EXERCISE GOAL:
Pictures should not appear in the copy; the records themselves must be written out exactly.

====== DATASET ENTRIES

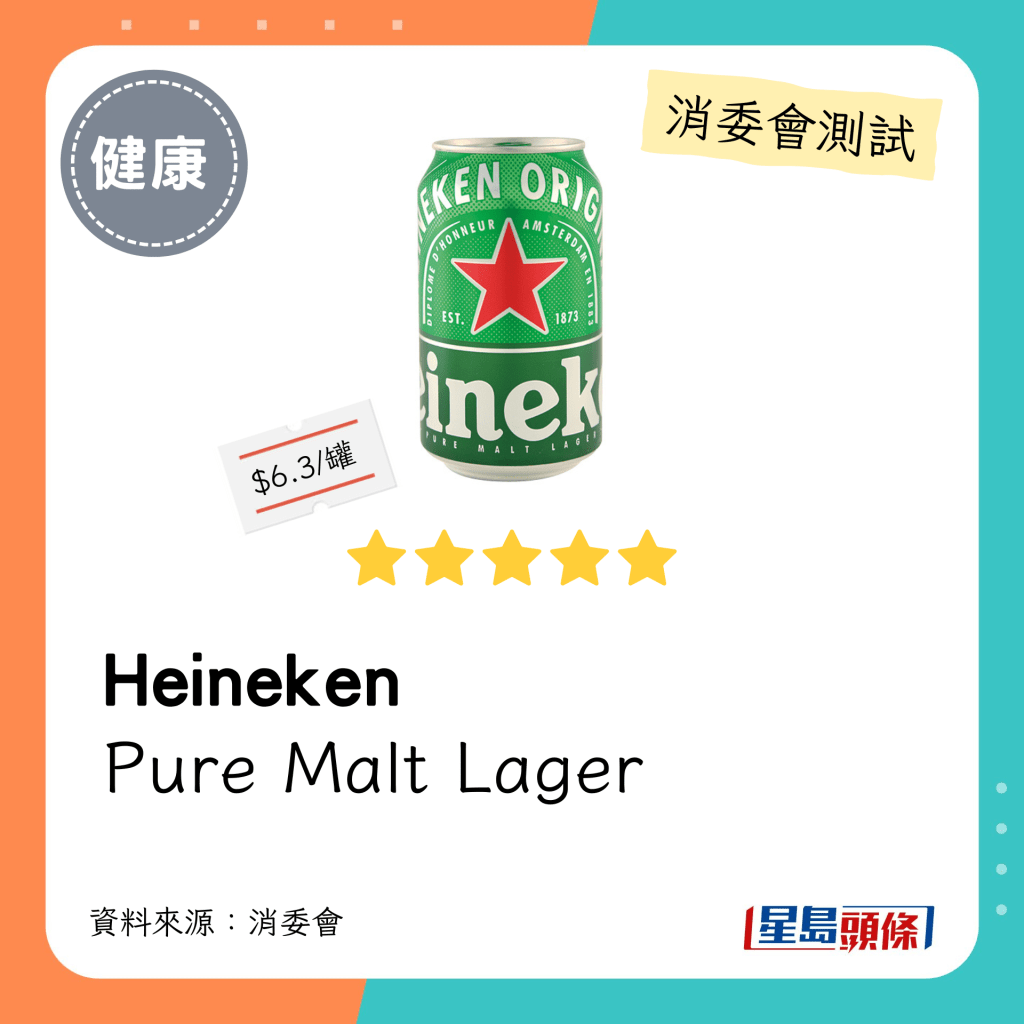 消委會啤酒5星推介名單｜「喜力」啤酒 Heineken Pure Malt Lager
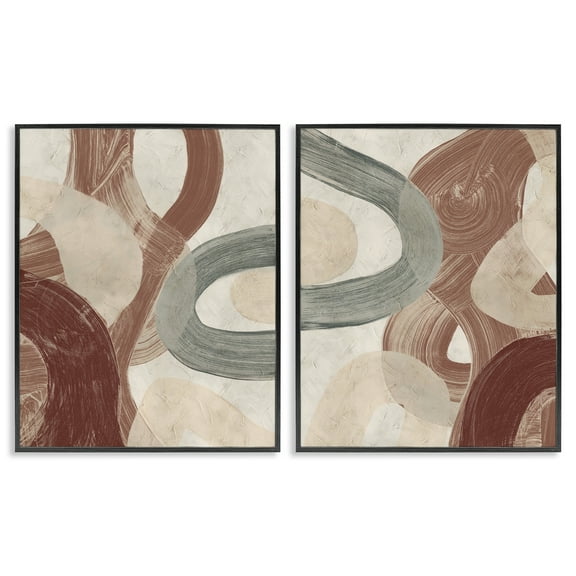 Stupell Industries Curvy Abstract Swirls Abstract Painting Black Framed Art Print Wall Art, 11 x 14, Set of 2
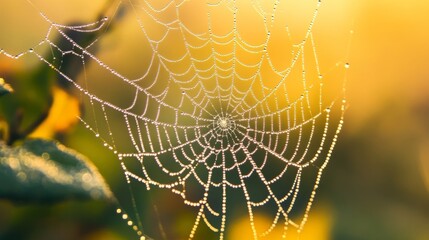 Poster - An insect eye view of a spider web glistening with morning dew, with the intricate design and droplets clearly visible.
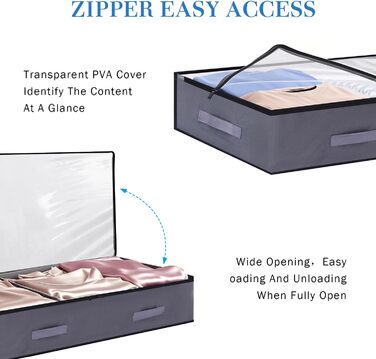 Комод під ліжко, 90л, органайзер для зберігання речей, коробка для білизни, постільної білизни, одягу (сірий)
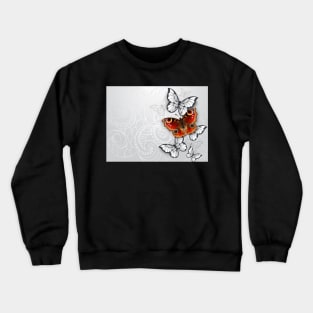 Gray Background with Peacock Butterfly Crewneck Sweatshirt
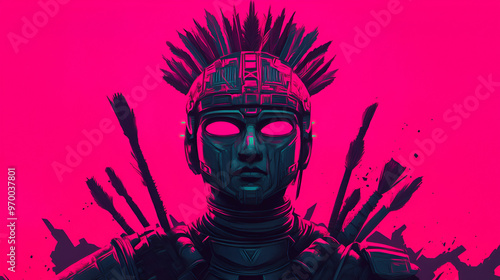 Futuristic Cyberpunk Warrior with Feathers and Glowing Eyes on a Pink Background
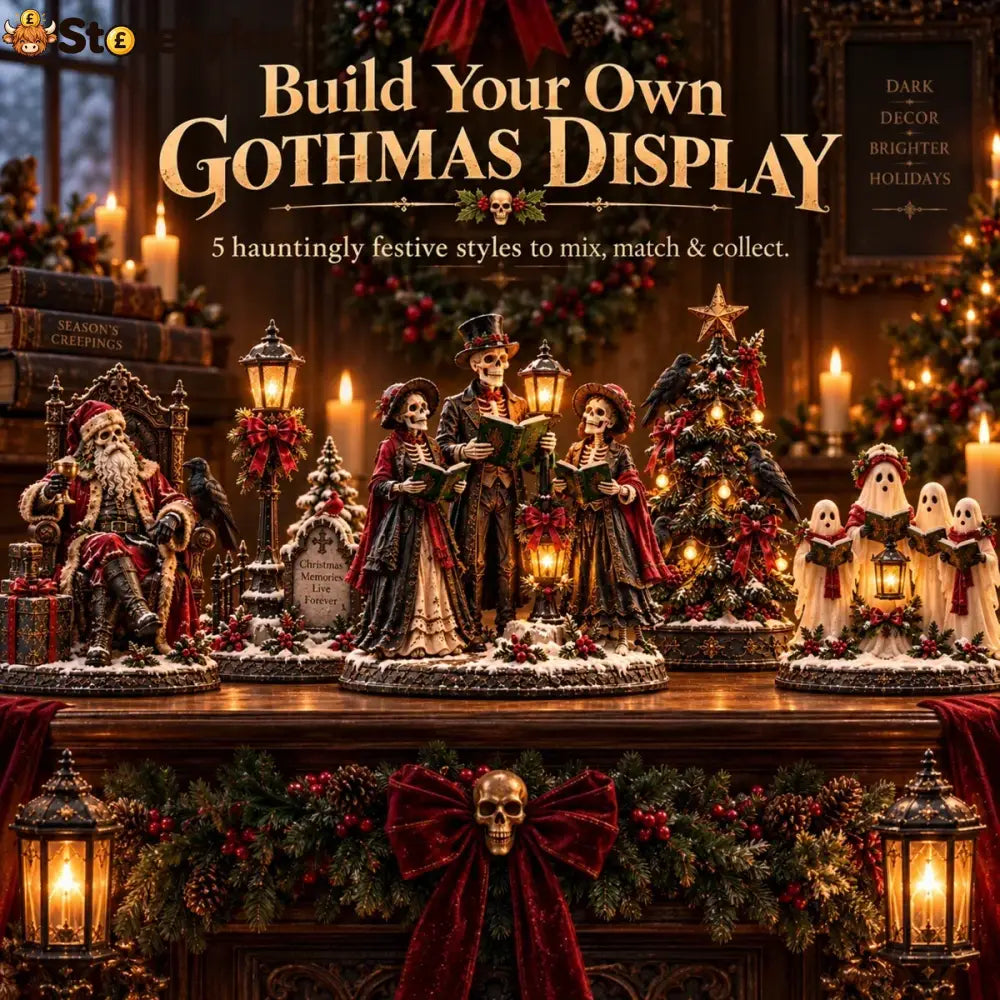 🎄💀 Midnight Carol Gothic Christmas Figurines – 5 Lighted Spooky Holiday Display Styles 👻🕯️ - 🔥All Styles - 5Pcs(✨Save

============

SOLUTION:
 消委會啤酒5星推介名單｜「喜力」啤酒 Heineken Pure Malt Lager
 Stupell Industries Curvy Abstract Swirls Abstract Painting Black Framed Art Print Wall Art, 11 x 14, Set of 2
 Poster - An insect eye view of a spider web glistening with morning dew, with the intricate design and droplets clearly visible.
 Комод під ліжко, 90л, органайзер для зберігання речей, коробка для білизни, постільної білизни, одягу (сірий)
 Gray Background with Peacock Butterfly Crewneck Sweatshirt
 Futuristic Cyberpunk Warrior with Feathers and Glowing Eyes on a Pink Background
 🎄💀 Midnight Carol Gothic Christmas Figurines – 5 Lighted Spooky Holiday Display Styles 👻🕯️ - 🔥All Styles - 5Pcs(✨Save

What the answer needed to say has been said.